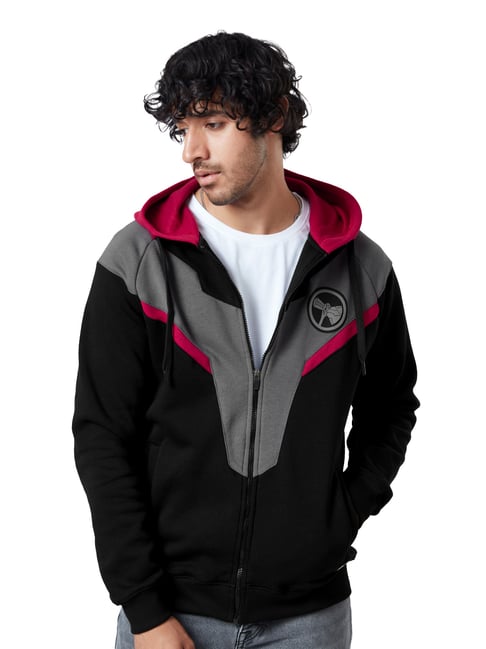 The Souled Store Black Thor: Thunder Effect Hooded Sweatshirt-picture-44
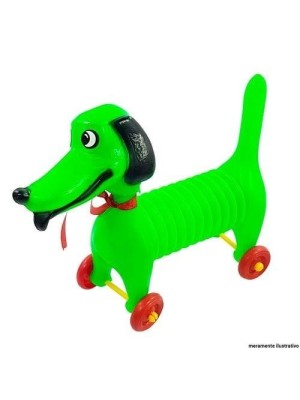 Cachorro Sapeca Sanfonado com Rodinha e Apito Diversas Cores 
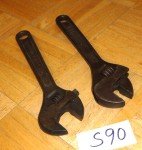 SCHOLLER, PECK STOW & WILCOX TOOLS 2 PC. VINTAGE CRESCENT STYLE 10 INCH WRENCHES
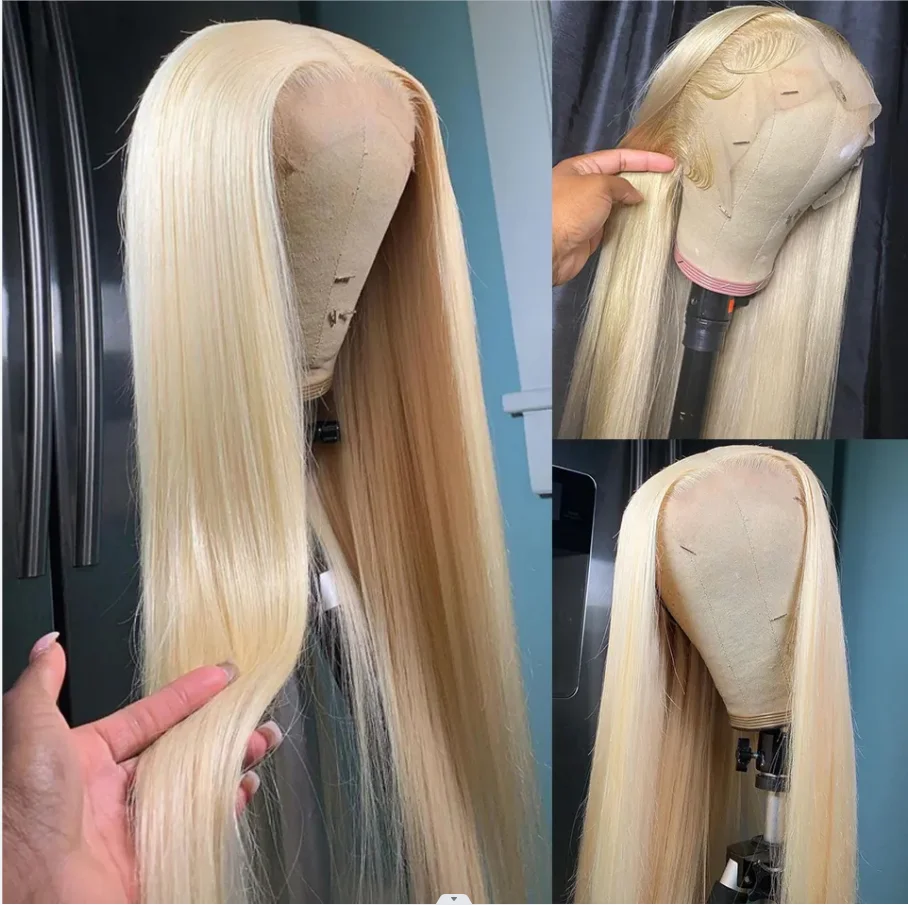 Perruque Bob Lace Front Wig brésilienne lisse-Sophia, cheveux naturels, blond 613, 13x4, transparent 613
****
◆ Task: Pictures aside, return all of the material exactly as written.

◆ Response to this exercise:
 The Souled Store Black Thor: Thunder Effect Hooded Sweatshirt-picture-44
 Cachorro Sapeca Sanfonado com Rodinha e Apito Diversas Cores 
 SCHOLLER, PECK STOW & WILCOX TOOLS 2 PC. VINTAGE CRESCENT STYLE 10 INCH WRENCHES
 Perruque Bob Lace Front Wig brésilienne lisse-Sophia, cheveux naturels, blond 613, 13x4, transparent 613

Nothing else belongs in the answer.